Everything started happening really quickly. We hired a property surveyor, and everything was fine. Our solicitor initiated the land registry searches, and everything was fine. Our bank came back with our final mortgage offer, and everything was fine. It seemed we were days away from exchanging contracts and moving in, and everything, absolutely everything, was fine. We even gave our two months notice at our place and I started hoarding decorating ideas on Pinterest and walking up and down furniture aisles on lunch break, mentally placing tables and chairs around what would soon be our very own, absolutely beautiful living room.

When we hit the first bump, I didn’t even notice. I was too happy picking fabrics and organizing my everything in labeled cardboard boxes. And then my solicitor started calling me frantically every ten minutes and it hit me: maybe everything wasn’t fine after all.
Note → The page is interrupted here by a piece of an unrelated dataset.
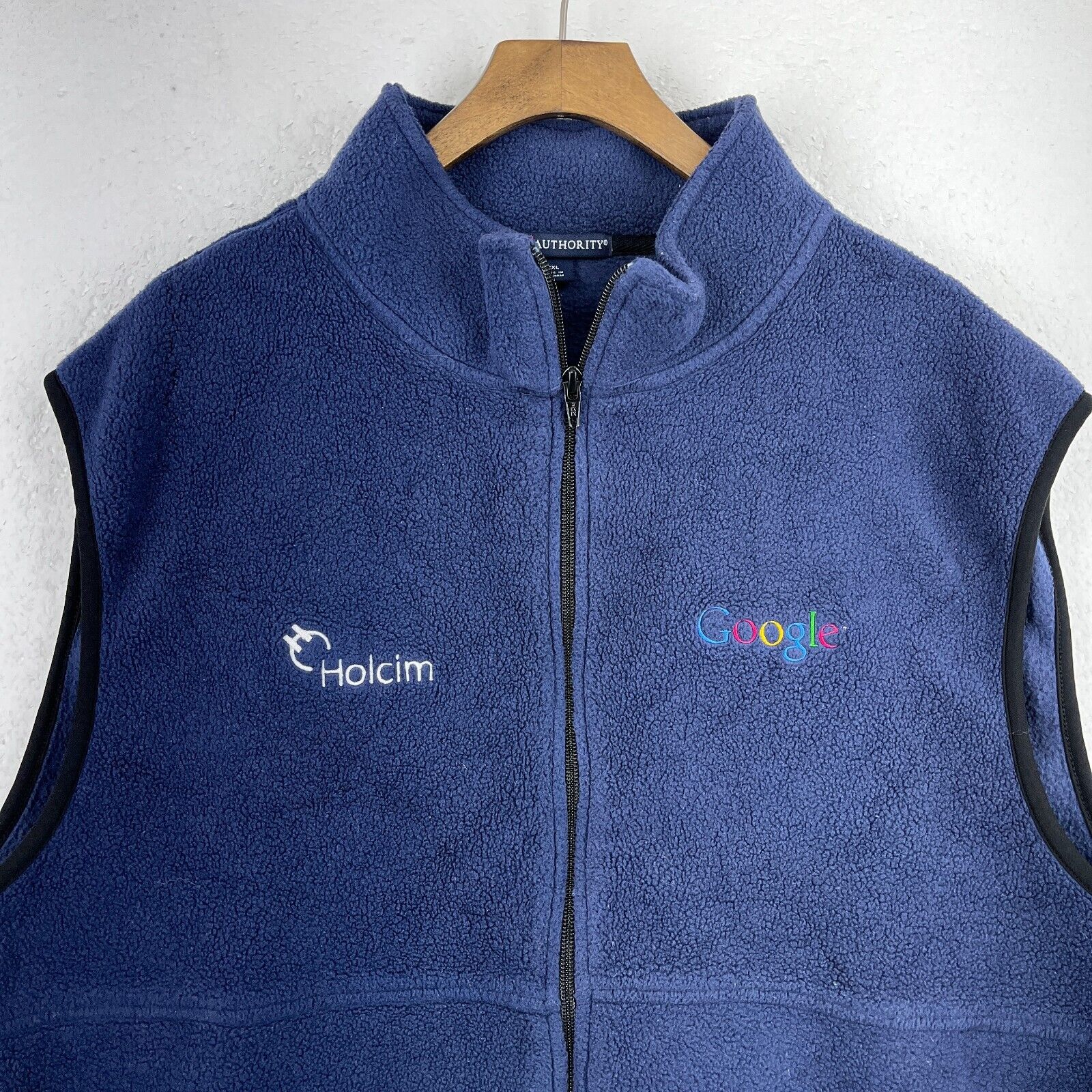 Google Embroidered Fleece Tech Full Zip Vest Navy Blue Mens Size XXL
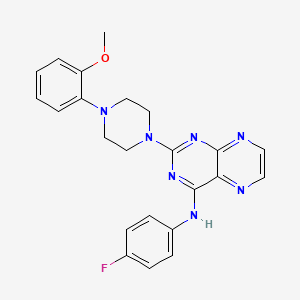 molecular formula C23H22FN7O B3413592 N-(4-fluorophenyl)-2-[4-(2-methoxyphenyl)piperazin-1-yl]pteridin-4-amine CAS No. 946242-24-6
There’s this lovely thing called property lease. Without going into too much detail, our vintage flat’s lease had been written out 30 odd years ago. Since then, things like legal terms and such had been updated, and this exciting little paper called a deed of variation needed to be made now, in order to cover all those out of date lease issues. Sounds simple enough, right?

Here’s a short summary of how things unfolded.

Week 1: Vendor’s solicitors say they are unable to sort out the deed. (lie)

Week 2: Vendor’s solicitors say the building’s managing company refuse to sign the deed. (lie, they had never mentioned the deed to the managing company, in fact, had never been in contact with them altogether)

Week 3: Vendor’s solicitors say the building’s insurer refuse to sign the deed. (lie, they signed straight away once we contacted them directly)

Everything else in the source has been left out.